In 1952, she was “commissioned and ordained” as a Salvation Army Officer. She met my dad and they married October 6th 1956 (dad’s birthday). Together they changed the world around them. They inspired me in ways that maybe I never got the chance to tell them. (This is them on their Golden Weddings Celebrations) 



But back to mum. You see to many she was Val or Major Val, or auntie Val and to dad she was Valerie. His love and His life. Yet to me she was my mum, she was a friend to so many and yet so few knew her deepest secrets. She welcomed my friends as though they were her children and family. She was the person my friends turned too. She was the person I turned too. 

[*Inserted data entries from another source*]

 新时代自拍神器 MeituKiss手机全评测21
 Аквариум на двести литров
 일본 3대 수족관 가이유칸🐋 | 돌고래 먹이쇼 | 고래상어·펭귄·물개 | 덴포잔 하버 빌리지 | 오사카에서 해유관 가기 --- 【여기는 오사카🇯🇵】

She inspired me in her cooking, although some of her meals weren’t the best. She would bake and place love gifts of Ginger cakes and chocolate muffins on people’s doorsteps because she could. She walked through hazardous districts and challenged church thinkers on their technical jargon. She was a fervent prayer and loved outrageously. She wanted people to know Jesus, she took ages writing and working on her messages because she wanted them to make sense to people. She was desperate that faith was a personal challenge and belief. She was my mum who at 64 years of age, tried to learn Italian because of my calling. She cared deeply for dad and our family. She would take the time to write to people and let them know she cared and loved them. She would phone me before dad got out of bed so we could chat without interruption. She missed me a lot (she told me that) and would count down the days till we saw each other. I never understood that – I do now. She had the most wicked sense of humour. She like me loved to laugh at silliness and she loved a practical joke. She taught me about language and poetry and God and fun and faith and cooking and joyful, disciplined service for God. She taught me about the value of friendship and investing in friends. She showed me how to love the unloveable, how to make space for the forgotten. She showed me how to see the best in people. She called me everyday to tell me she loved me. She went to the football with me because dad didn’t want too. She made me understand the love of a mother. She helped me to realise that being myself is okay. She taught me to be all that God has called me to be.

Yes that was my mum. And this year, I miss her as much as I did last year and the year before and will do next year. My mum was fabulous and wonderful and crazy and a full of faith. 

But this year in the UK it’s Mother’s Day on what would have been her 83rd birthday. I pay tribute to her and to the mum’s similar to her, because she was one of a kind. 

All I really wanted to say was – thanks Mum, I miss you! 

Happy Mothers Day Mum and Happy Birthday too.